= Required action =
Please retype all of the data below, word for word.
────
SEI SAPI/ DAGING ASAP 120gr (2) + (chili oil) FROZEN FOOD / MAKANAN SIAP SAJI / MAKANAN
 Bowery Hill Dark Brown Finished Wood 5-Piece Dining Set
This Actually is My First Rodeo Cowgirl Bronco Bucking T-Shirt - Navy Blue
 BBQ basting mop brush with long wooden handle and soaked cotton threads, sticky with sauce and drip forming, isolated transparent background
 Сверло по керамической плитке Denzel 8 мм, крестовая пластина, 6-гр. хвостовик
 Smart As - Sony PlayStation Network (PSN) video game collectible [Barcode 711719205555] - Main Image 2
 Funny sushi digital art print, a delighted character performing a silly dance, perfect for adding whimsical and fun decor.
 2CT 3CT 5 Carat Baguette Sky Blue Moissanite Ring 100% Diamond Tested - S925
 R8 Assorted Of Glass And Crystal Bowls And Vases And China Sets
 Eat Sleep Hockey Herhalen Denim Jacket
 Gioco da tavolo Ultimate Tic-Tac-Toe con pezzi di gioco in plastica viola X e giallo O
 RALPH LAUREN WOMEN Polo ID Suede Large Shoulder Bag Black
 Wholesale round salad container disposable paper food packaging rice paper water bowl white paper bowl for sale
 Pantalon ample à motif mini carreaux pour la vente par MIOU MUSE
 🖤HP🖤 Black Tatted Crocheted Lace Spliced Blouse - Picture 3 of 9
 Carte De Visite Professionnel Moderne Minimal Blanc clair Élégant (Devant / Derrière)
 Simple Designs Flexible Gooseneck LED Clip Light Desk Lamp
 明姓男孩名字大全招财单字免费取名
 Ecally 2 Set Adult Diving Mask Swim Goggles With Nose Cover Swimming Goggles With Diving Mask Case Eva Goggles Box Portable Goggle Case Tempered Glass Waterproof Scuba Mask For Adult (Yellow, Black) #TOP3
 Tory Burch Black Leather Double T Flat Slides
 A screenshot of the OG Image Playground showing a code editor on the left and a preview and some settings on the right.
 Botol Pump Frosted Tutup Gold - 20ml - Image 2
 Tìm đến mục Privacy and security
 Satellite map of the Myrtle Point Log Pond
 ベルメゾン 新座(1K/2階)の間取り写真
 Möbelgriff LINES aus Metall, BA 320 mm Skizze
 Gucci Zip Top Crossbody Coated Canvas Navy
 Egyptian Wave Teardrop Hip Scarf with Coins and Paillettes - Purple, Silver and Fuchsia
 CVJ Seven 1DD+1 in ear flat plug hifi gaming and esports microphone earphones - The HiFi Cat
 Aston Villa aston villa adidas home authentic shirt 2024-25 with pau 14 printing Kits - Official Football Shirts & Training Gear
────
= Expected answer =
SEI SAPI/ DAGING ASAP 120gr (2) + (chili oil) FROZEN FOOD / MAKANAN SIAP SAJI / MAKANAN
 Bowery Hill Dark Brown Finished Wood 5-Piece Dining Set
This Actually is My First Rodeo Cowgirl Bronco Bucking T-Shirt - Navy Blue
 BBQ basting mop brush with long wooden handle and soaked cotton threads, sticky with sauce and drip forming, isolated transparent background
 Сверло по керамической плитке Denzel 8 мм, крестовая пластина, 6-гр. хвостовик
 Smart As - Sony PlayStation Network (PSN) video game collectible [Barcode 711719205555] - Main Image 2
 Funny sushi digital art print, a delighted character performing a silly dance, perfect for adding whimsical and fun decor.
 2CT 3CT 5 Carat Baguette Sky Blue Moissanite Ring 100% Diamond Tested - S925
 R8 Assorted Of Glass And Crystal Bowls And Vases And China Sets
 Eat Sleep Hockey Herhalen Denim Jacket
 Gioco da tavolo Ultimate Tic-Tac-Toe con pezzi di gioco in plastica viola X e giallo O
 RALPH LAUREN WOMEN Polo ID Suede Large Shoulder Bag Black
 Wholesale round salad container disposable paper food packaging rice paper water bowl white paper bowl for sale
 Pantalon ample à motif mini carreaux pour la vente par MIOU MUSE
 🖤HP🖤 Black Tatted Crocheted Lace Spliced Blouse - Picture 3 of 9
 Carte De Visite Professionnel Moderne Minimal Blanc clair Élégant (Devant / Derrière)
 Simple Designs Flexible Gooseneck LED Clip Light Desk Lamp
 明姓男孩名字大全招财单字免费取名
 Ecally 2 Set Adult Diving Mask Swim Goggles With Nose Cover Swimming Goggles With Diving Mask Case Eva Goggles Box Portable Goggle Case Tempered Glass Waterproof Scuba Mask For Adult (Yellow, Black) #TOP3
 Tory Burch Black Leather Double T Flat Slides
 A screenshot of the OG Image Playground showing a code editor on the left and a preview and some settings on the right.
 Botol Pump Frosted Tutup Gold - 20ml - Image 2
 Tìm đến mục Privacy and security
 Satellite map of the Myrtle Point Log Pond
 ベルメゾン 新座(1K/2階)の間取り写真
 Möbelgriff LINES aus Metall, BA 320 mm Skizze
 Gucci Zip Top Crossbody Coated Canvas Navy
 Egyptian Wave Teardrop Hip Scarf with Coins and Paillettes - Purple, Silver and Fuchsia
 CVJ Seven 1DD+1 in ear flat plug hifi gaming and esports microphone earphones - The HiFi Cat
 Aston Villa aston villa adidas home authentic shirt 2024-25 with pau 14 printing Kits - Official Football Shirts & Training Gear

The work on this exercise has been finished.